> _Required work_:
Output every entry exactly, without any pictures.

> _Dataset records_:

━━━━━━━━━━━━━━━━━━━━

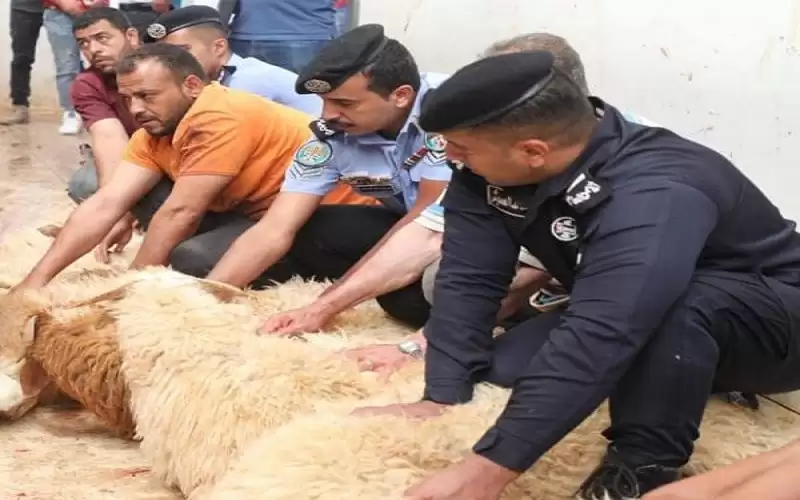 الأمن ينهي توزيع الاضاحي عن أرواح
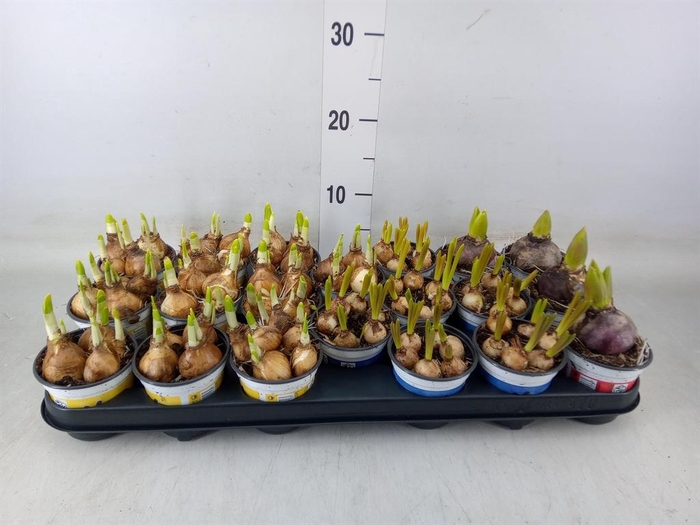 <h4>Bolbloemen   ...mix</h4>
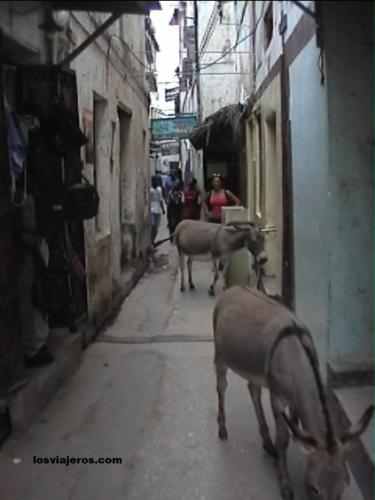 Burros en las calles de Lamu - Kenia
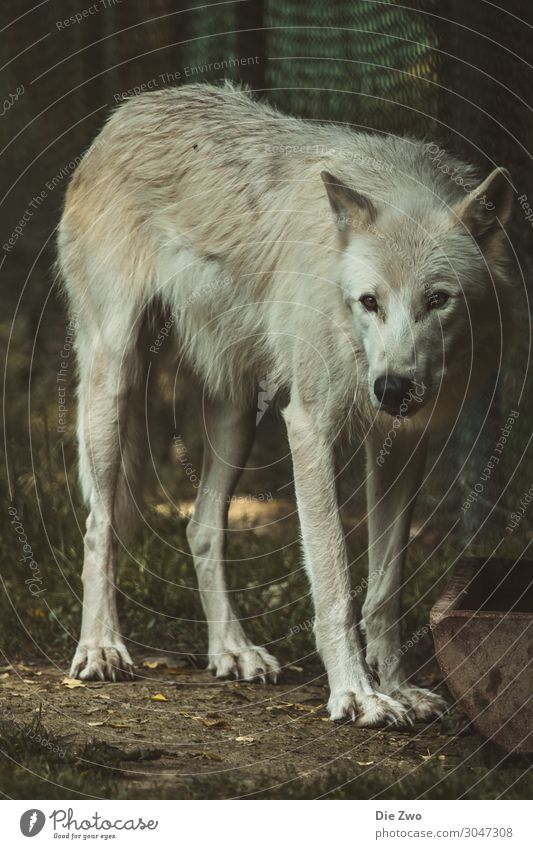 wolf Animal Earth Wild animal Wolf 1 Aggression Natural Emotions Love of animals Calm Pride Interest Observe Colour photo Subdued colour Exterior shot Deserted
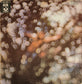 PINK FLOYD - Obscured By Clouds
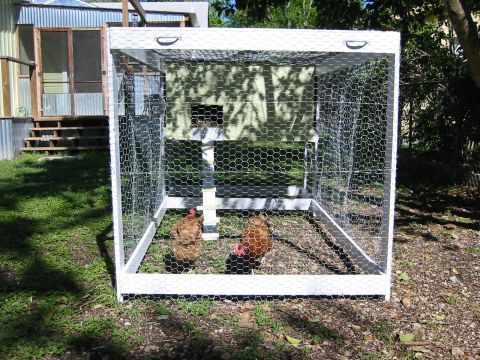 1996 Ford Bronco - A white chicken coop with two chickens is shown in an outdoor setting, with a house and stairs in the background.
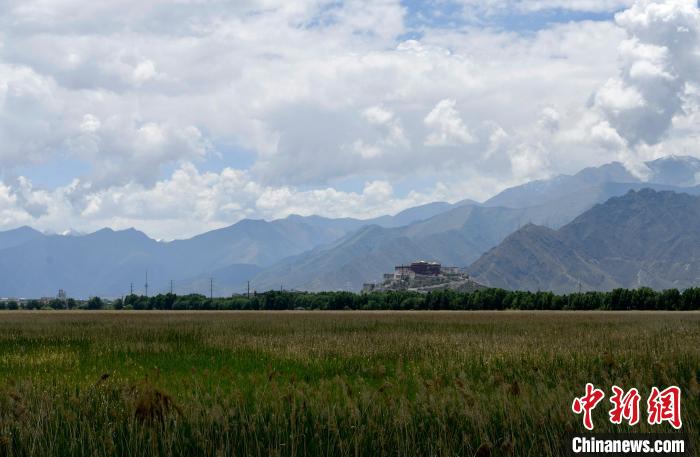 圖為6月22日，西藏拉薩拉魯濕地。　李林 攝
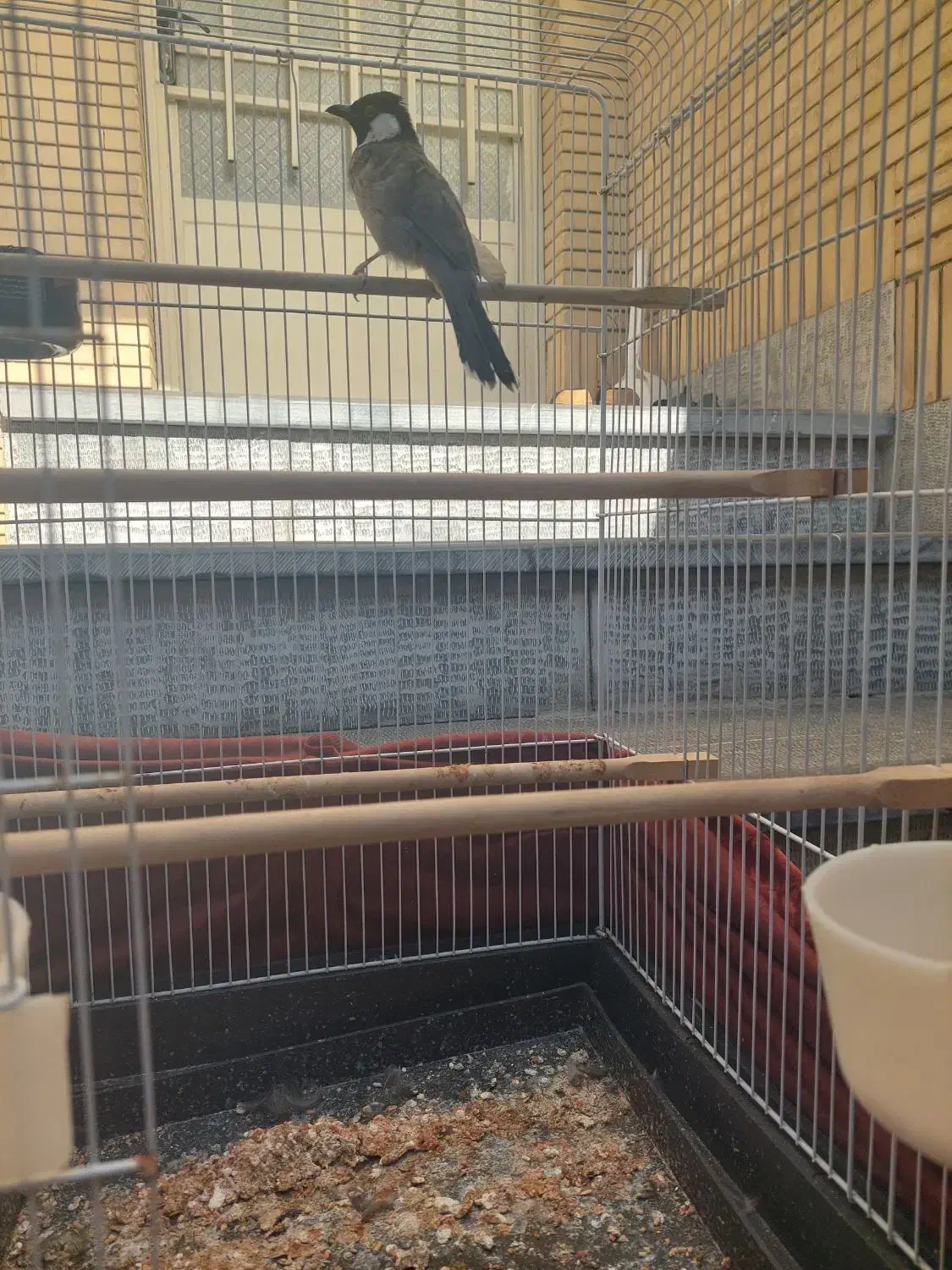 سهره|پرنده|مشهد, سید رضی|دیوار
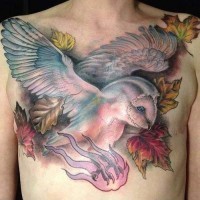 Lovely colorful owl tattoo on chest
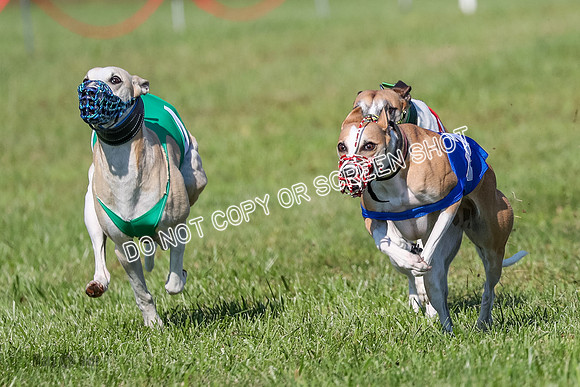 AE4I8989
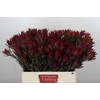 Leucadendron Blush Spray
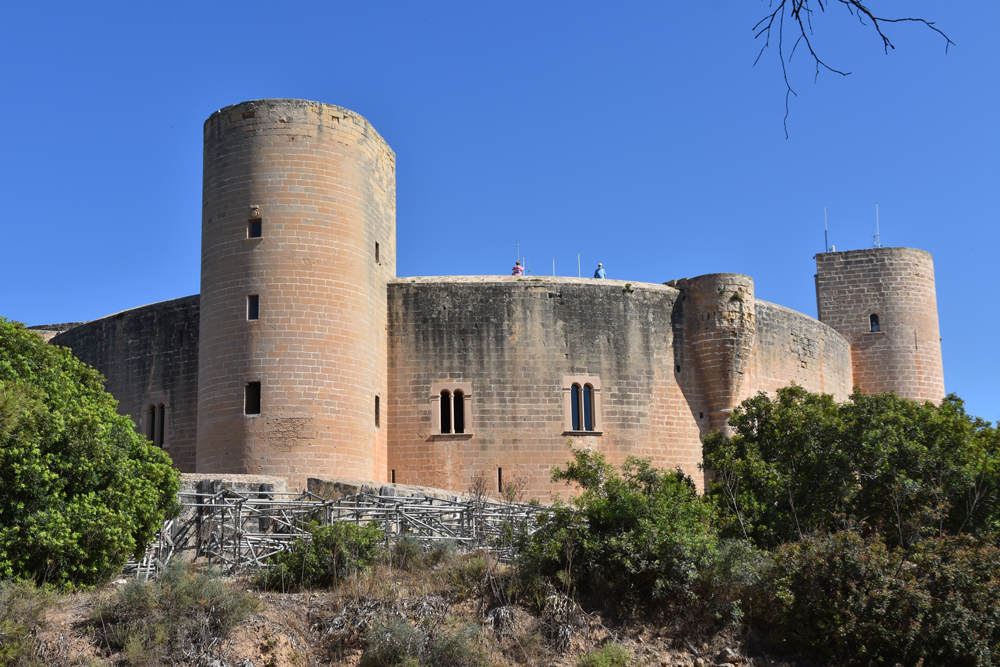 Mallorca: los secretos del bosque de Bellver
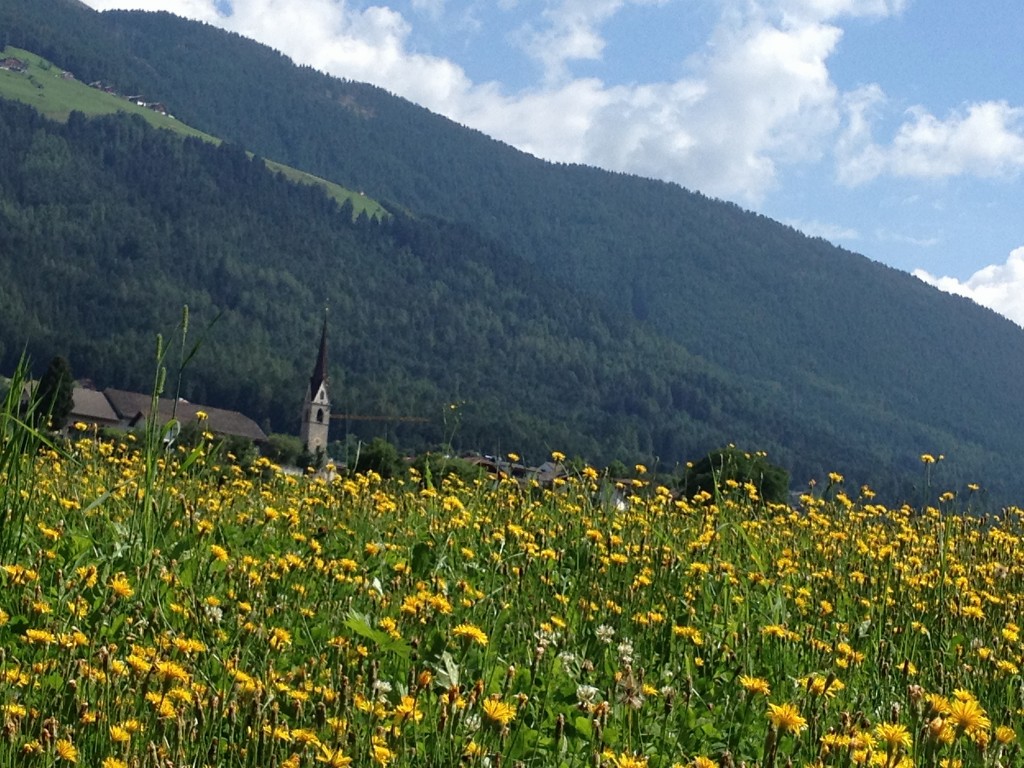 Riflessioni (sul lavoro) dalle vacanze
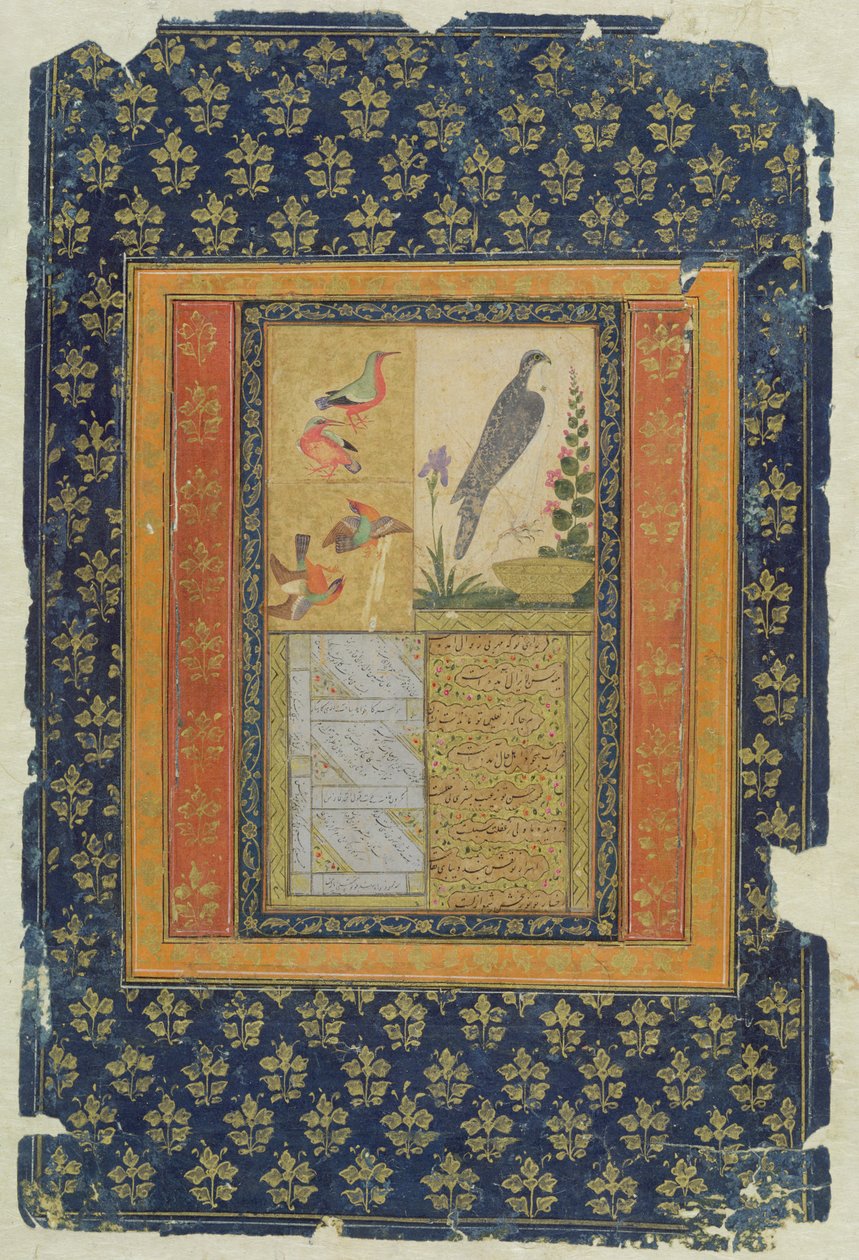 Fågelstudie och kalligrafi, Golconda, Andhra Pradesh, 1570, (gouache, bläck och guld på papper med dekorerad kant) av Deccani School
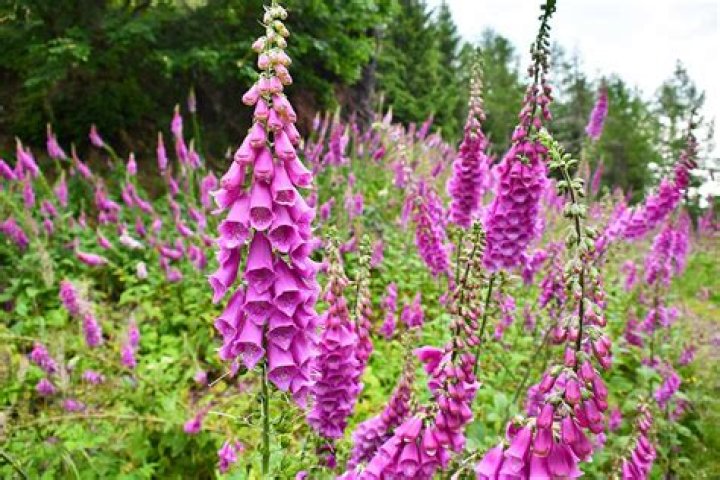 What does foxglove symbolize?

━━━━━━━━━━━━━━━━━━━━

> _Expected answer_:
 الأمن ينهي توزيع الاضاحي عن أرواح
 <h4>Bolbloemen   ...mix</h4>
 Burros en las calles de Lamu - Kenia
 wolf Animal Earth Wild animal Wolf 1 Aggression Natural Emotions Love of animals Calm Pride Interest Observe Colour photo Subdued colour Exterior shot Deserted
 PINK FLOYD - Obscured By Clouds
 1996 Ford Bronco - A white chicken coop with two chickens is shown in an outdoor setting, with a house and stairs in the background.
 圖為6月22日，西藏拉薩拉魯濕地。　李林 攝
 سهره|پرنده|مشهد, سید رضی|دیوار
 Lovely colorful owl tattoo on chest
 AE4I8989
 Leucadendron Blush Spray
 Mallorca: los secretos del bosque de Bellver
 Riflessioni (sul lavoro) dalle vacanze
 Fågelstudie och kalligrafi, Golconda, Andhra Pradesh, 1570, (gouache, bläck och guld på papper med dekorerad kant) av Deccani School
 What does foxglove symbolize?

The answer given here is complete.